If you don't believe the world is coming to an end, then you haven't read this and this and this...

But then again there's this, so maybe there's hope after all.

Also, it was International Talk Like a Pirate Day, matey! Arrrgh! Just the fact that it's "International" Talk Like a Pirate Day makes it all worth the cost of an eye-patch. Any excuse to enjoy a flagon of grog, I say.

There was a distant flicker of excitement today in the hood. Not actual "excitement' as in "surprise and alarm", but rather the lackluster hijinks of local teenagers. I could hear our neighbor on the phone with the police wafting all the way across the street and up into the office window, "...they lit a fire... out in the field... a couple boys..." So I figured I'd grab the Little Ditchman and get her out of the house for a few minutes, as she bores easily. (Takes after her dad.)

We went over to the neighbor's, "Any trouble?" Sure enough, there was a tiny fire about a quarter of a mile away out in the last undeveloped property in all Oceanside. "They ran off and hid behind those rocks!" I knew I could amble on down there and stamp the fire out with my flip-flop, but I thought I better leave this one to the authorities.

We had a good vantage point, as the neighbor's house stands atop a rise, and after ten minutes or so the fire was about knee-high. The land had been recently cleared of brush so there wasn't any obvious imminent danger, and soon enough we heard the sirens and then a few firetrucks pulled up to what amounts to the edge of the local prairie, off in the distance. The local heroes finished their sandwiches and hopped out, and made their way across the field. I nearly peed my pants from all of the excitement. What was cool, though, was the sound of all the coyotes howling down in the brush-filled gully. They got whipped up into a suburban frenzy from the sound of the sirens.

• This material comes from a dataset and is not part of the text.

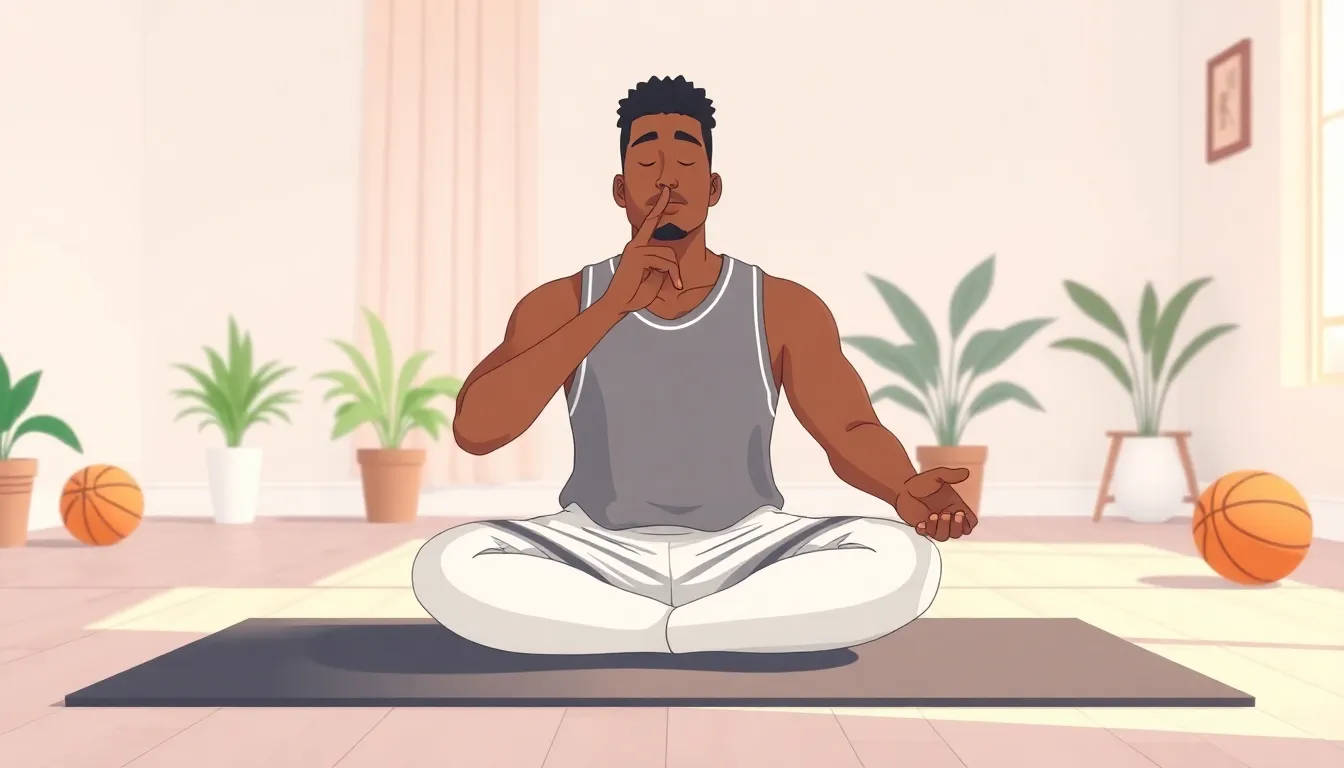 9. Tehnika Alternativnog Disanja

Anyway, I haven't heard if they caught the boys, but my money's on the neighbor kid who home-schools himself. The wife and I were having lunch out on the patio last week when a wine cooler bottle came flying over the fence and shattered into a million pieces on the pavers near us. I turned on the dad voice, and almost felt a bit guilty about it as it scares even me. Almost, that is, since I've got a little kid of my own now, and that changes things. Hey, I was young and stupid as a kid, too, and maybe if I'd been caught and held accountable more back then, it wouldn't have taken me so long to snap out of it. I made him clean it up, but not without intimidating him first.

And yes, I said "home-schools himself". This is the answer I got when I asked him why he wasn't in school. See? The world really is coming to an end. This is the generation that will be minding us in the Oceanside Old Folks' Home!

And three of the Four Horsemen of the Apocalypse have arrived in Lake Elsinore. Seriously, have you ever been there? Lake Elsinore is a miserable place, I drive by it all the time. So if you find yourself stuck in Lake Elsinore and a few guys named "Turk", "McCabe", and "Wayne 'No-Nose' Gardner" stop to help, REFUSE -BY ALL MEANS- REFUSE! You'll recognize "No-Nose" because he- well... check it out for yourself.